In the data below, find the line containing "Mural artwork by", then set down that line and every later line up to and including the line containing "Друза 72 зріз", exactly.

Material provided:
──────

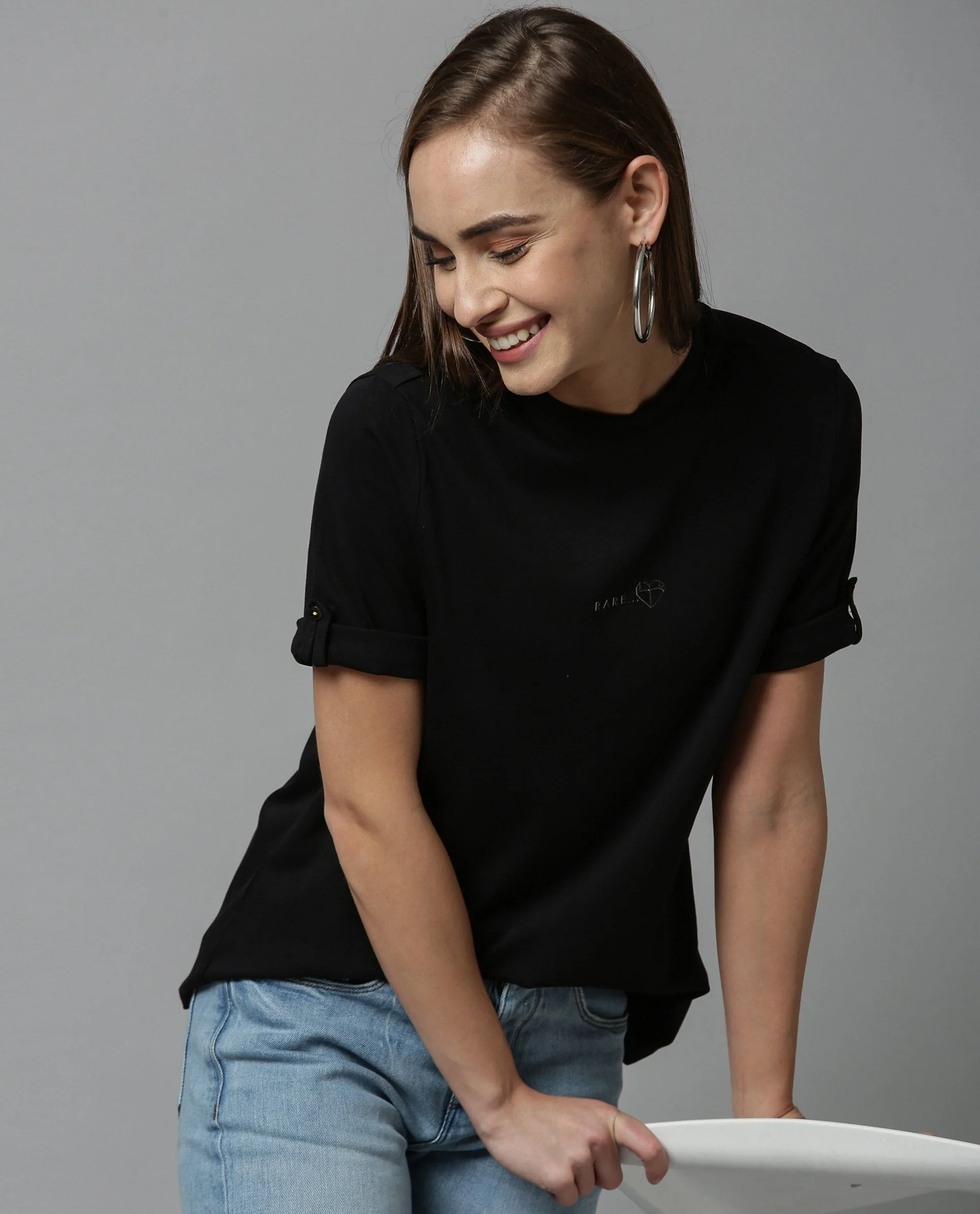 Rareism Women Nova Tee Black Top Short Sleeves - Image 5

──────

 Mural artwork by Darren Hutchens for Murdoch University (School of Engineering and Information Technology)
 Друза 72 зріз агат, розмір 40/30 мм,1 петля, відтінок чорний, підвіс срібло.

──────

Written answer:
 Mural artwork by Darren Hutchens for Murdoch University (School of Engineering and Information Technology)
 Друза 72 зріз агат, розмір 40/30 мм,1 петля, відтінок чорний, підвіс срібло.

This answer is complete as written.